Under IFRIC 15, there is possibility that the property developer can only recognise this revenue at a lump-sum after the property is 100% completed and handed over to the buyer.

Although IFRIC 15 clarifies that there is possibility for the "percentage of completion method" can be applied, it is unlikely in many jurisdictions that many agrrangements will meet the necessary criteria. Therefore, such arrangements will result in "deferring recognision of revenue until construction is complete", which affect the profit/loss booking in accounting.

The greatest impact to property developers from this deferred recognision of revenue is that, we would see zero revenue generated in a project before its completion, and there are cost - labour, materials, project management, sales & marketing, etc. incurred during construction period. With zero revenue recorded but all the cost recorded, the P&L statement will show a red figure of lost.

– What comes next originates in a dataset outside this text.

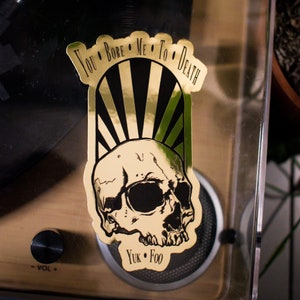 Metallic Gold Stickers | Wolf Alice Yuk Foo Art | Original Art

Then, when the property is completed and handed over, there will be a surge in revenue. By that time, the cost is also minimal as the construction has already completed. We will probably see a sudden big gain in the P&L then.

Although this is a drastic change in accounting, bear in mind that there is nothing change in the fundamental of the business, as well as the cash flow of the company. This might cause confusion to investors if not handled properly.

We can foresee that in case this happened:
  • Property developers who focus on highrise building (which normally development period is 3 years) are more affected than property developers who focus more on landed property (which normally the development period is 2 years).
  • Property developers who have large landbanks and a lot of development projects concurrently ongoing, are less affected than those with only a few projects running, as they can strategically schedule the development completion time more effectively.
  • Property stocks who also have other type of business (such as property management, plantation, mining, etc.) are less affected than those who only involved in property development.
It is reported that the Real Estate and Housing Developers' Association (REHDA) of Malaysia has set up a task force to address and minimize issues arising from Malaysia's adoption of this IFRIC 15.


Voyager8 said... Reply To This Comment

Latest news:

The implementation of this IFRIC 15 in Malaysia has been deferred to January 2012.